# DBSCAN

## References
- https://scikit-learn.org/stable/modules/generated/sklearn.cluster.DBSCAN.html?highlight=dbscan#sklearn.cluster.DBSCAN

## Step-1: Generate Some Data

In [None]:
from sklearn.datasets import make_blobs
import matplotlib.pyplot as plt

num_centers = 5

X, y = make_blobs(n_samples=1000,  n_features=2, centers=num_centers)

print ('X.shape:', X.shape)
print ('y.shape:', y.shape)

# note the color coding of clusters
plt.scatter(X[:, 0], X[:, 1], marker='o', c=y,
            s=25, edgecolor='k')
plt.show()

## Step-2: Run MeanShift Clustering

In [None]:
from sklearn.cluster import DBSCAN

dbscan = DBSCAN(eps=5, min_samples=2).fit(X)

labels = dbscan.labels_
# Number of clusters in labels, ignoring noise if present.
n_clusters_ = len(set(labels)) - (1 if -1 in labels else 0)
n_noise_ = list(labels).count(-1)

print ("labels:\n", labels)
print("Estimated number of clusters: %d" % n_clusters_)
print("Estimated number of noise points: %d" % n_noise_)

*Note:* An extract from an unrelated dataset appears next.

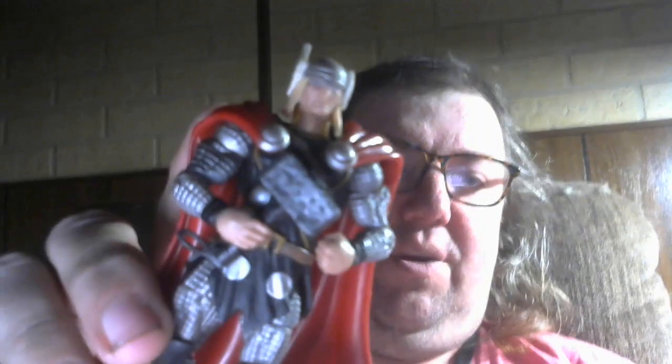Hello everybody, welcome back to Bree's Toys. I am Stephanie Bree, and today I'm taking a look at a Marvel Comics Thor action figure. This is Marvel Comics Thor — this is not MCU Thor. You can see that it is definitely modeled after the comic, not the movies.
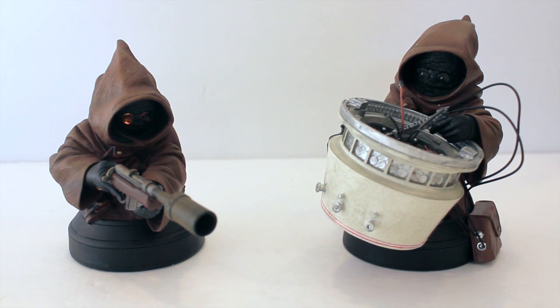Hey everyone, thanks for tuning in to another video review. Right now I have the Gentle Giant Jawas collectible minibus set from Star Wars. This is a pretty — I don't want to say an old piece, but let me take a look at the packaging real quick to see what year these came out. So yeah, they're old — 2007.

## Step-3: Visualize Clusters

In [None]:
## plot predicted results
y_pred = dbscan.fit_predict(X)

## now observe the color coding of clusters
## do they match?
plt.scatter(X[:, 0], X[:, 1], c=y_pred)

## Experiment

```python
DBSCAN(eps=3, min_samples=2)
```

Change these parameters and re run the algorithm.  Does it change the predicted clusters?